What to produce
Copy the data that follows exactly. Include no pictures.

Dataset section
---+---
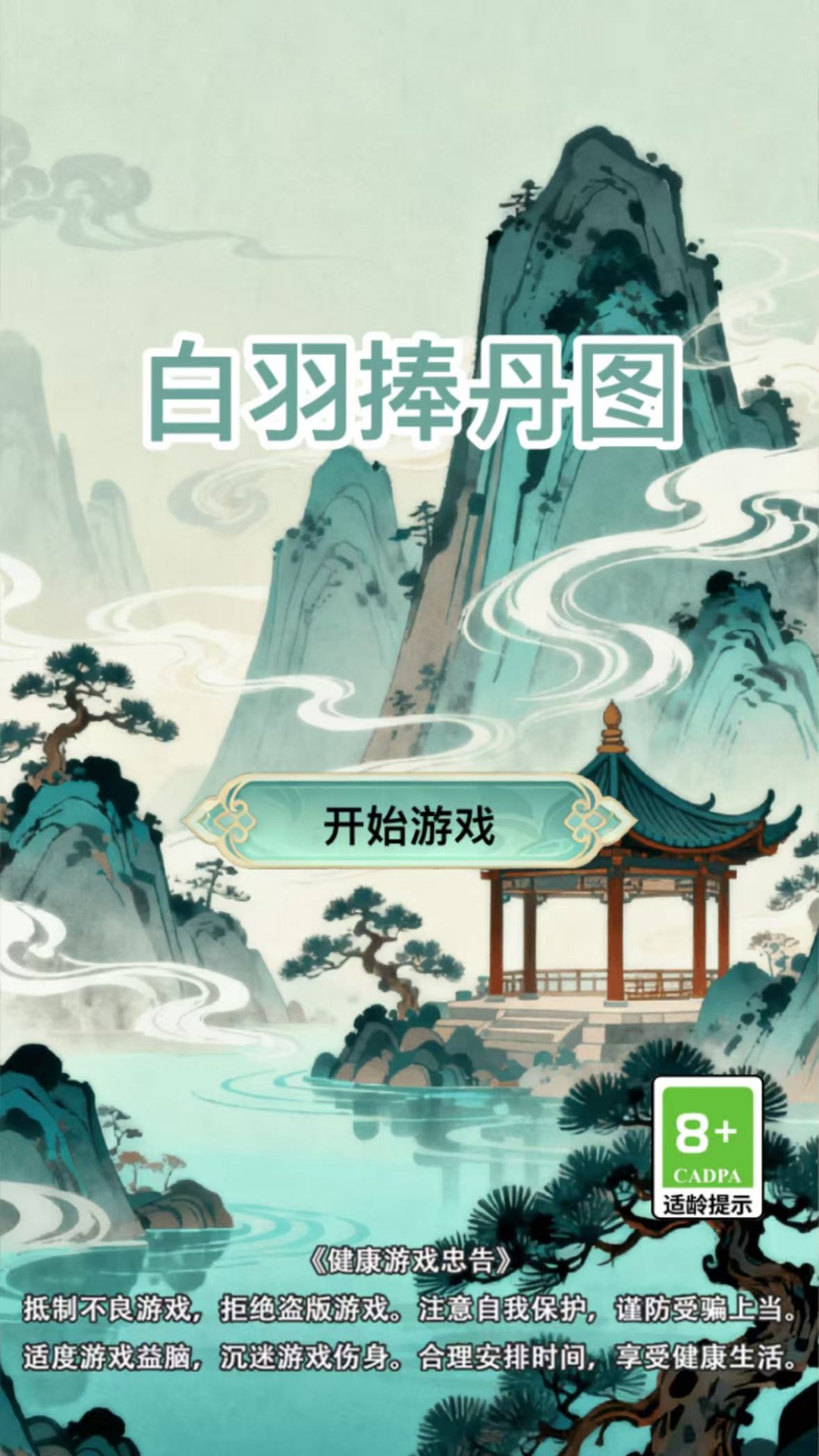 精彩截图-白羽捧丹图2026官方新版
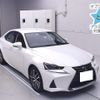lexus is 2017 CFJ1610050 image 1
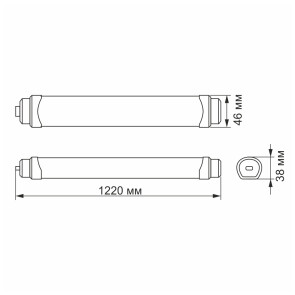 LED світильник IP65 лінійний магістральний VIDEX 36W 1,2М 5000K №3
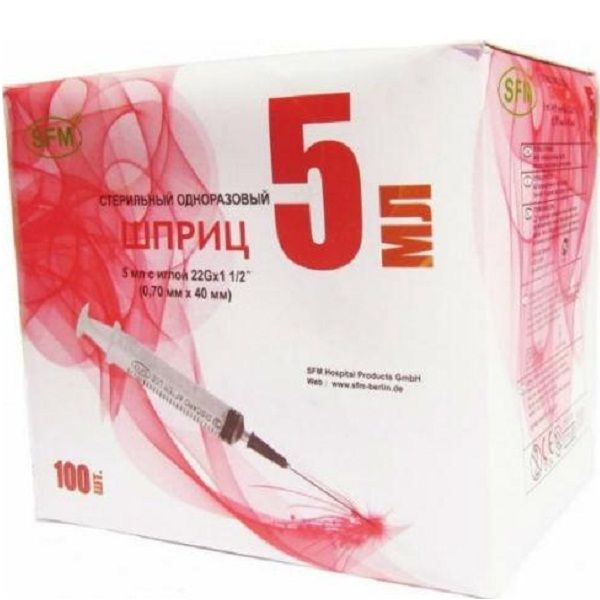 Шприц одноразовый инъекционный SFM 3-х компонентный с иглой 5 мл, 100 шт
---+---
Written response
 精彩截图-白羽捧丹图2026官方新版
lexus is 2017 CFJ1610050 image 1
 LED світильник IP65 лінійний магістральний VIDEX 36W 1,2М 5000K №3
 Шприц одноразовый инъекционный SFM 3-х компонентный с иглой 5 мл, 100 шт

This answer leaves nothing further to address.